そこから、なお不自然に薄暗い室内がわずかに確認できる。
やがて、そんな暗がりの中でもはっきりと識別できるような、さらなる漆黒の靄のようなものが、部屋の奥からゆっくりと窓に近づいてくるのがわかった。
 
その瞬間、彼は再び猛然と走り出した!!
急いで避難しようと、モーテルに隣接するゲストハウスへと向かう。
おそらく、あの漆黒の靄は、先ほど見た人影がまとった瘴気のようなものだろう。それがなお窓枠に近づいてきていた。
できればこのモーテルから一刻も早く、果てしなく遠ざかりたいところだったが、この何もない広大な荒野の地では、どこへ向かおうとも心許ない印象しか抱けなかった。
 
彼はゲストハウスの裏手にあるウッドデッキのバルコニーに飛び乗り、ガラス張りのスライドドアへ駆け寄って開けようとしたが、鍵がかかっていて開かなかった。 
室内には、バーカウンターの相変わらずの定位置に、スタッフの男とナイフの男がいた。
 
「おい、開けてくれ!」
 
彼は軽くガラスドアを叩きながら懇願した。
スタッフの男とナイフの男は、彼を一瞥すると、驚いたような表情で顔を見合わせた。
すぐにスタッフの男が小走りで駆け寄ってきて、クレセント錠を外してガラスドアを開ける。
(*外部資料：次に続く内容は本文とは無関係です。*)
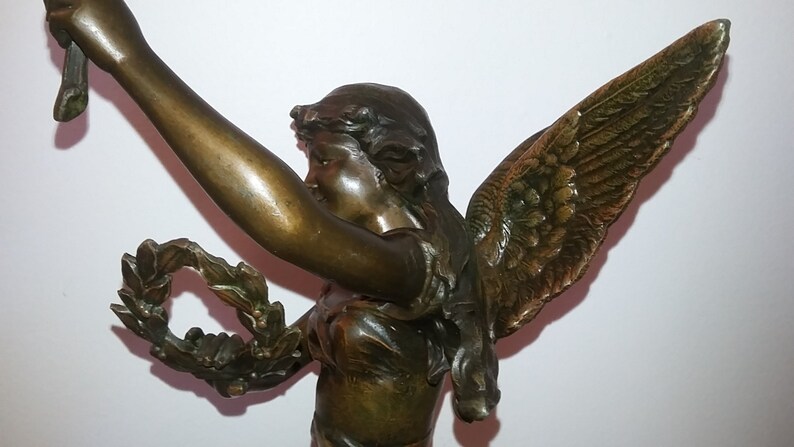 Antique Art Nouveau French figural spelter sculpture Victoire image 4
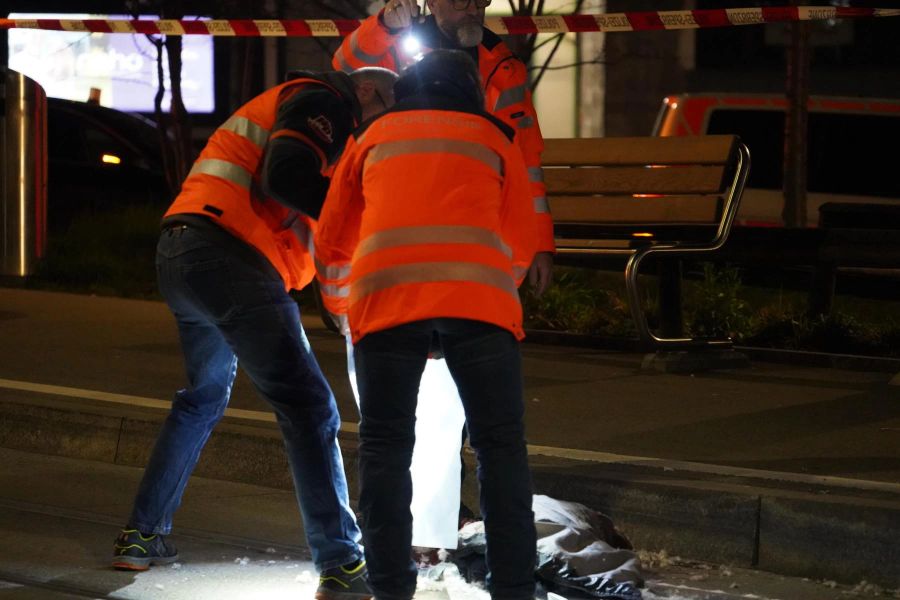 Die Spurensicherung ist vor Ort am Bahnhof Oerlikon Ost.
彼は部屋に飛び込むと、すぐさまガラスドアを閉め、錠をかけて数歩後退りした。
そして、室内のその位置からは見えなくとも、モーテルの方角に視線をやって警戒せらずにはいられなかった。
ナイフの男も何事かと思って席を立つ。
スタッフの男が何があったのか尋ねると、彼は呼吸を荒くしたままスタッフの男に言った。
 
「ここシャッターとか付いてないのか? フロントの玄関も鍵を掛けたほうがいい、というか侵入できる箇所全部だ」
「い、いや、シャッターは付いてるけど……一体どしたの!? 何事!?」
 
その時、スタッフの男は彼がすり傷だらけで全身砂まみれなのに気づいた。二の腕には小さなガラス片らしきものが突き刺さり、体についた砂に血が滲んでいた。
 
「うわぁッ!! ちょっと、何それ!? 血ぃ出てるよ!! 待って!! どうすればいいのこれ!? 何か!! なんか止めるやつ!! 止めるやつー!!」
 
スタッフの男が狼狽えながらそう言い、厨房の奥へと消えていった。
彼は、スタッフの男の言葉で自分の二の腕の状態に気がついた。急に我に返ったように、体がショックからの疲労を感じ始め、彼は呆然として立ち尽くしたまま息を切らせ、そして考えた。
 
さっきのは一体……? 明らかに人間じゃなかった……姿は確認することはできなかったが……
いや、見た!!
確か、脱出するために走り始めた時、一瞬バスルーム入口を視界に捉えた。
あの時、現れた影……黒い靄のようなものを全身にまとっていたが、手脚が確認できてかろうじて人の形をしていたのが判別できた……だが顔の部分……顔だけはその輪郭が確認できた……顔があった!!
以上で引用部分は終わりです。